Start of Information supplied

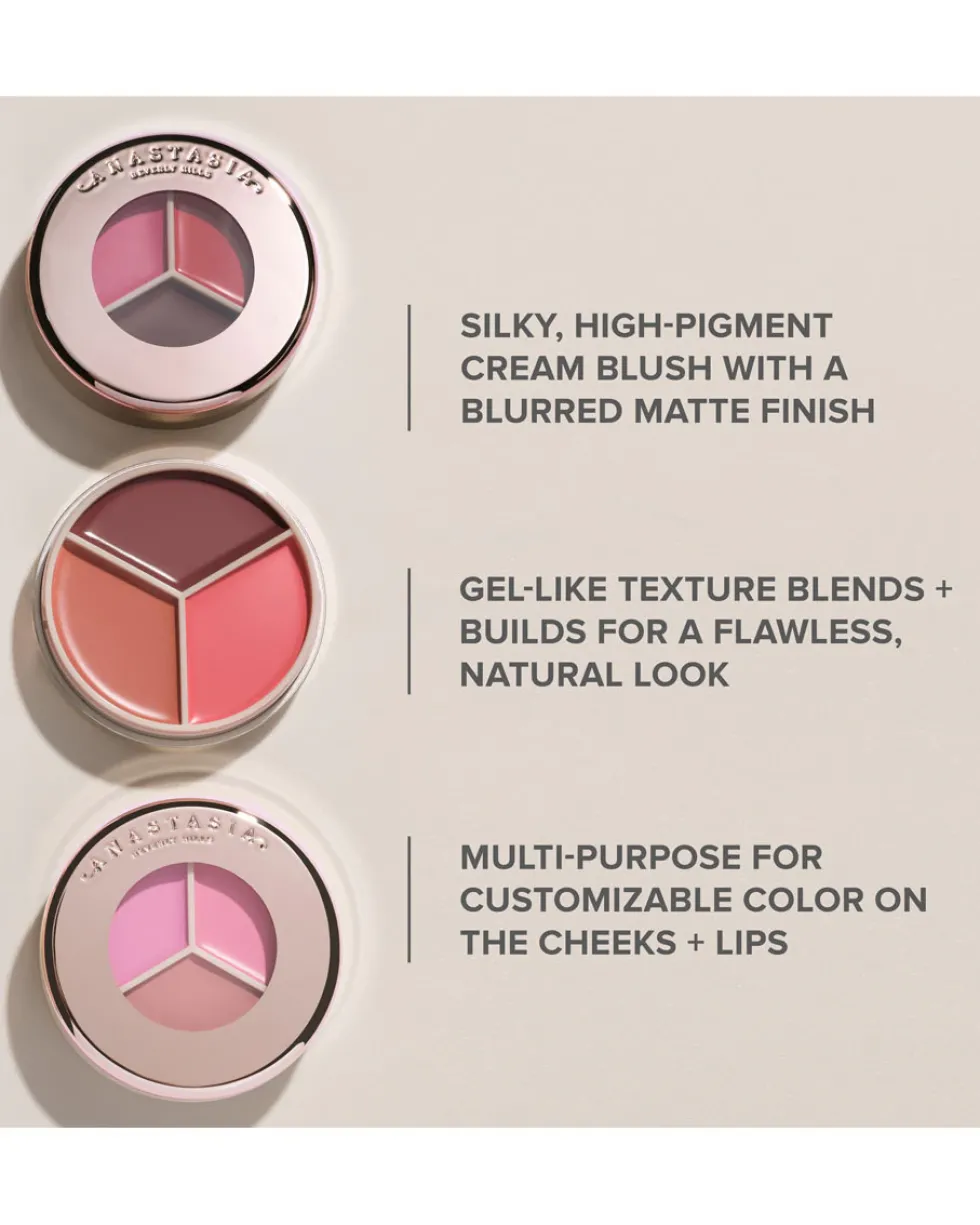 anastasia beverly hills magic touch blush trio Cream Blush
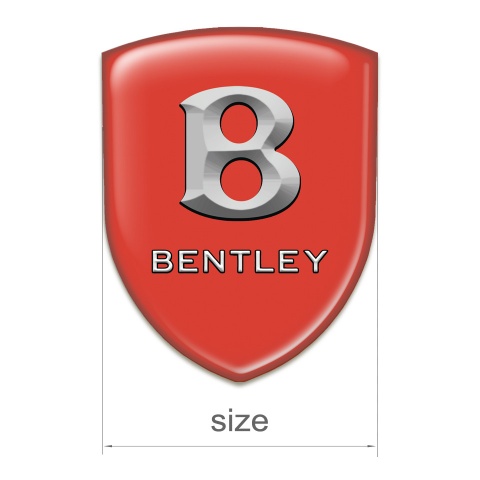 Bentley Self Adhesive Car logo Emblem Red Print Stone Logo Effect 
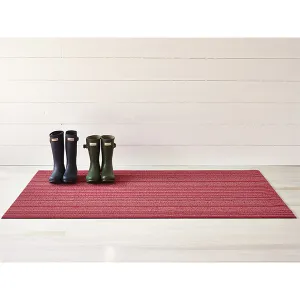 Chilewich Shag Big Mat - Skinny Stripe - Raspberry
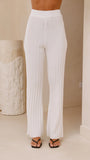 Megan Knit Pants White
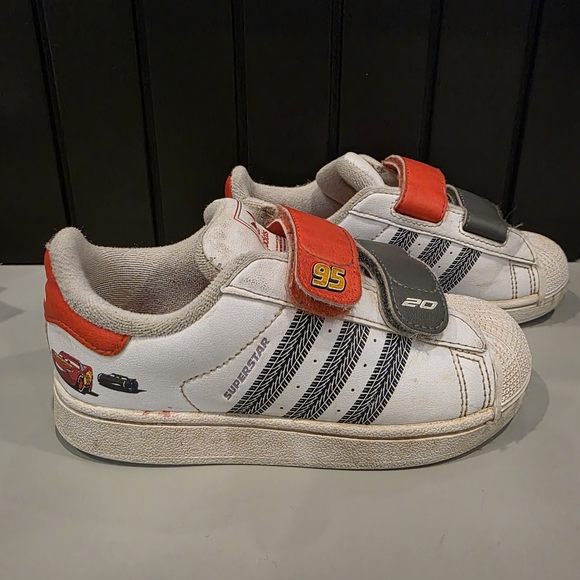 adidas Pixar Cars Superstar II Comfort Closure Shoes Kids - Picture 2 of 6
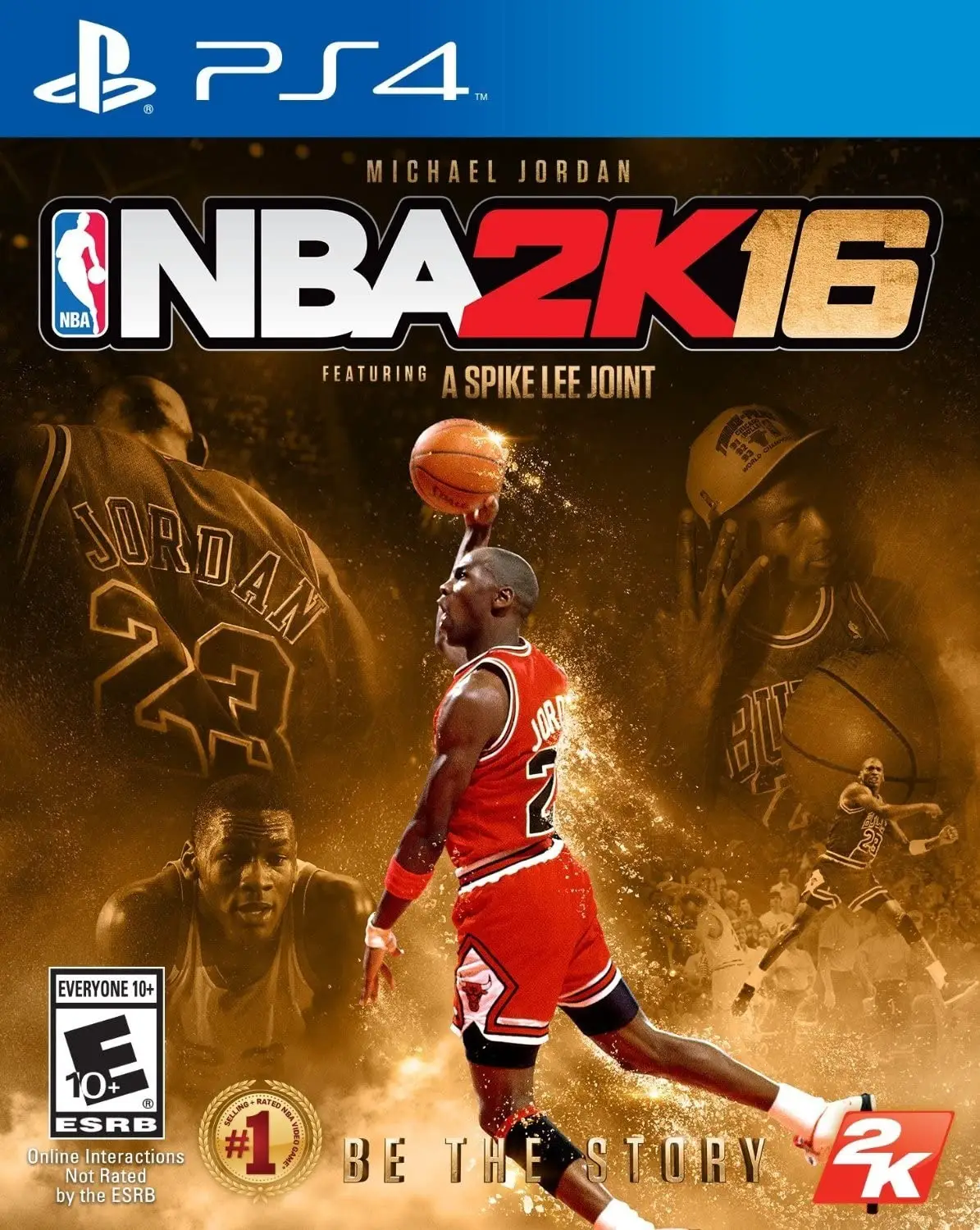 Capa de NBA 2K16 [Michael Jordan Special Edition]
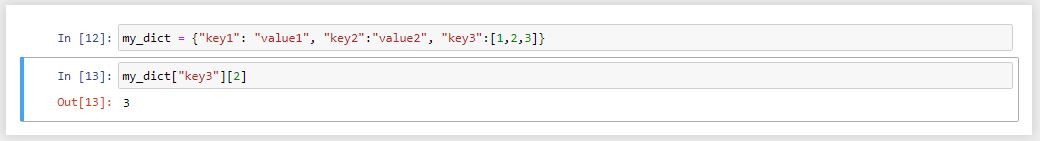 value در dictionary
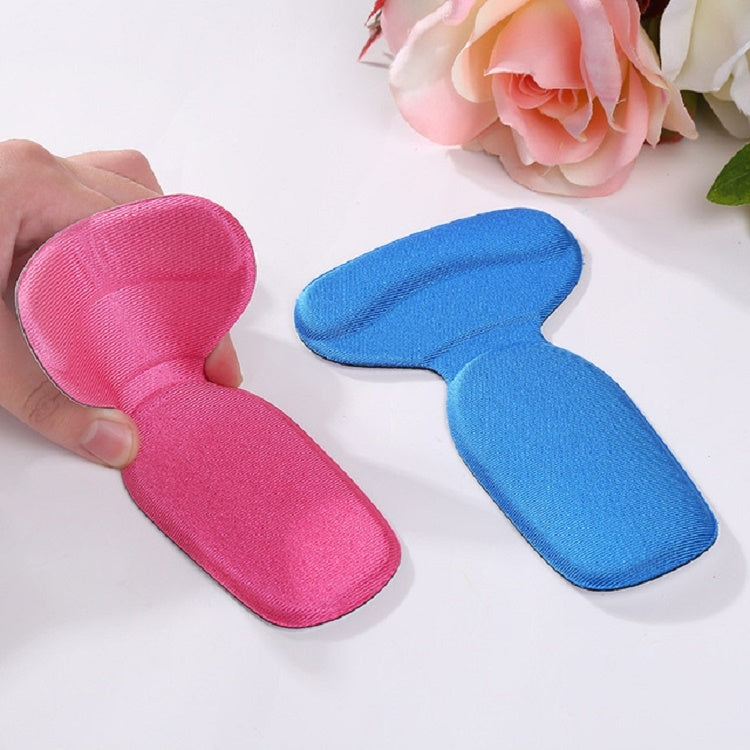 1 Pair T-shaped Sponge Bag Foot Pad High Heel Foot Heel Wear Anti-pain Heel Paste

End of Information supplied

#### Problem to work on:
Print every record exactly without the images.

#### Task answer:
 anastasia beverly hills magic touch blush trio Cream Blush
 Bentley Self Adhesive Car logo Emblem Red Print Stone Logo Effect 
 Chilewich Shag Big Mat - Skinny Stripe - Raspberry
 Megan Knit Pants White
 adidas Pixar Cars Superstar II Comfort Closure Shoes Kids - Picture 2 of 6
 Capa de NBA 2K16 [Michael Jordan Special Edition]
 value در dictionary
 1 Pair T-shaped Sponge Bag Foot Pad High Heel Foot Heel Wear Anti-pain Heel Paste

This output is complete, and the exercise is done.